I believe I am asking the same questions Dan is, which are the same
as the ones in my original year-old tuning list post with which I
started this thread (though Dan has made some progress over that by
actually constructing the relevant scales!).

--- In tuning-math@y..., "D.Stearns" <STEARNS@C...> wrote:
> Gene,
>
> <<When you do that for 12/22,>>
>
> But I wrote N/M, so for a 7-out-of-12-out-of-22 that would be 22/12
or
> 0 1 3 5 7 9 11 12 14 16 18 20 22. Then the L-tet (7-tet here) inside
> of that would be 0 3 7 9 12 16 18 22.
>
> The idea is that this should work for any arbitrary A, B, C, ...
> Tribonacci series.

This is a scale out of the 7;7+5;12+10 muddle--why do you need to
bring in the Tribonacci constant at all?

--- In tuning-math@y..., genewardsmith@j... wrote:
> --- In tuning-math@y..., "D.Stearns" <STEARNS@C...> wrote:
> > Gene,
> >
> > <<When you do that for 12/22,>>
> >
> > But I wrote N/M, so for a 7-out-of-12-out-of-22 that would be
22/12
> or
> > 0 1 3 5 7 9 11 12 14 16 18 20 22. Then the L-tet (7-tet here)
inside
> > of that would be 0 3 7 9 12 16 18 22.
> >
> > The idea is that this should work for any arbitrary A, B, C, ...
> > Tribonacci series.
>
> This is a scale out of the 7;7+5;12+10 muddle--why do you need to
> bring in the Tribonacci constant at all?

Gene, take a deep breath. You're evidently missing something
important even though it's being repeated (this has happened before),
so you need to slow down and empty your mind of preconceptions, and
give your genius room to function.

Now take a look at the scales Dan posted (giving cents for all
rotations) which were _not_ subsets of ETs at all. Notice how one
scale is precisely a subset of the next scale, and each scale has
_three_ step sizes. If I'm understanding Dan correctly (and I believe
that I am), the relative sizes of the three step sizes are governed
by the Tribonacci ratio -- in every iteration.
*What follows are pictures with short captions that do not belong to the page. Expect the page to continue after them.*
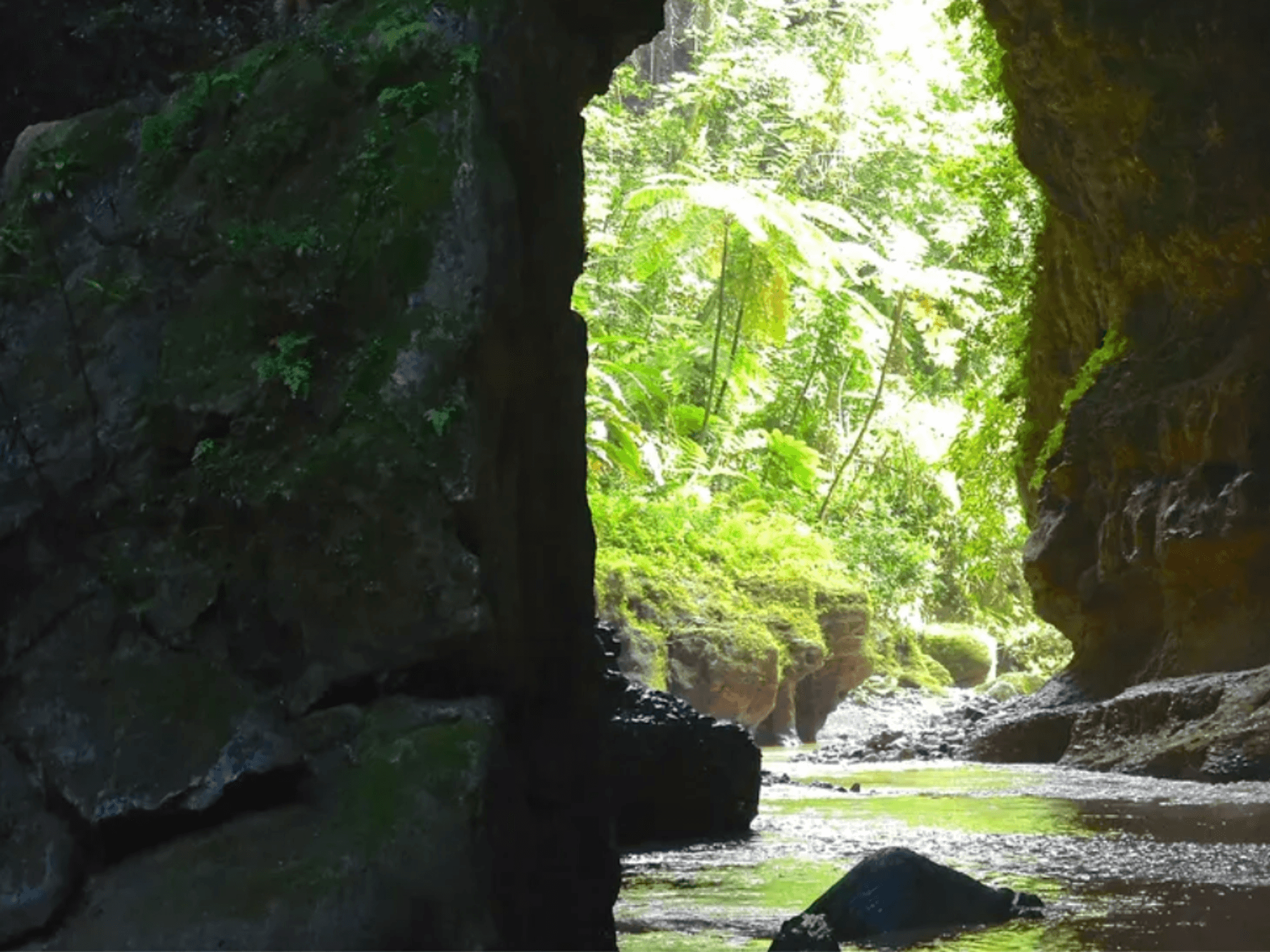 A lush, green forest view through a dark, rocky cave opening.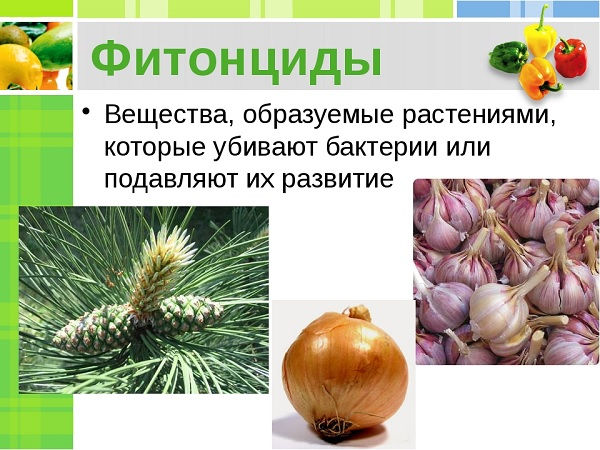 Продукты-фитонциды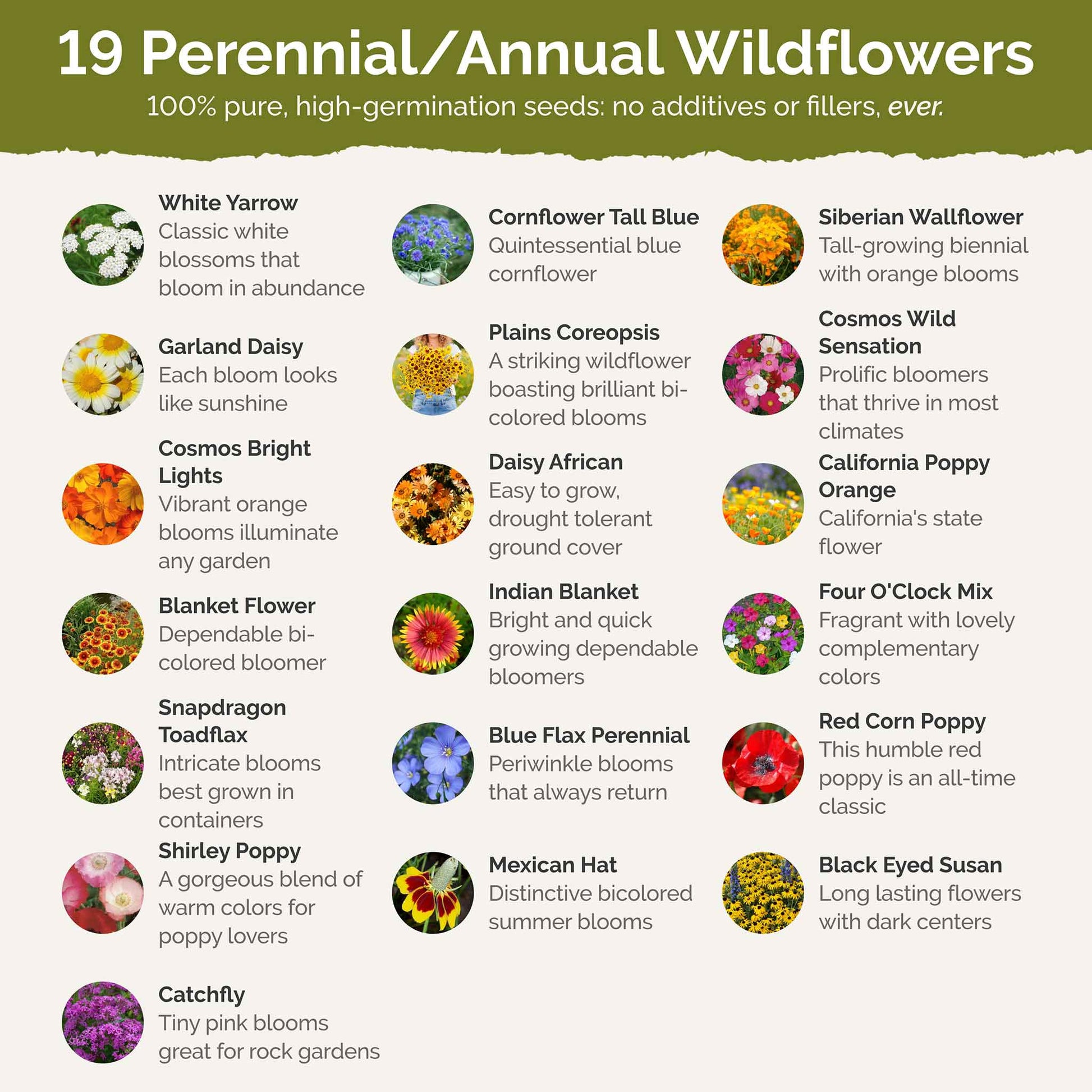 nevada wildflower seeds Nevada Wildflower Seed Mix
This is similar to how
the relative sizes of the two step sizes, in each of the proper MOSs
of the Kornerup golden generator, or any other generator which is a
noble (CF ends in all 1s) fraction of an octave, is exactly the
Golden ratio.

If one were to use a different constant from the Tribonacci ratio,
and again assuming I'm understanding Dan correctly, one would see
that the scale in one iteration would _not_ be precisely a subset of
the scale in the next iteration -- just as if, in the sequence of
meantone scales with 7, 12, 19, 31, 50, 81 . . . notes, if the ratio
of small step to large step were not the Golden Ratio in each scale,
then one scale would not be precisely a subset of the next scale in
the sequence.

--- In tuning-math@y..., "Paul Erlich" <paul@s...> wrote:
> --- In tuning-math@y..., genewardsmith@j... wrote:

> > I don't see that this has anything to do with MOS. If I take Dan
at
> > his word about the 7-12-22 business, it seems to me you just get
> > 1/t = t^2-t-1 (where t is the Tribonacci constant) as a generator.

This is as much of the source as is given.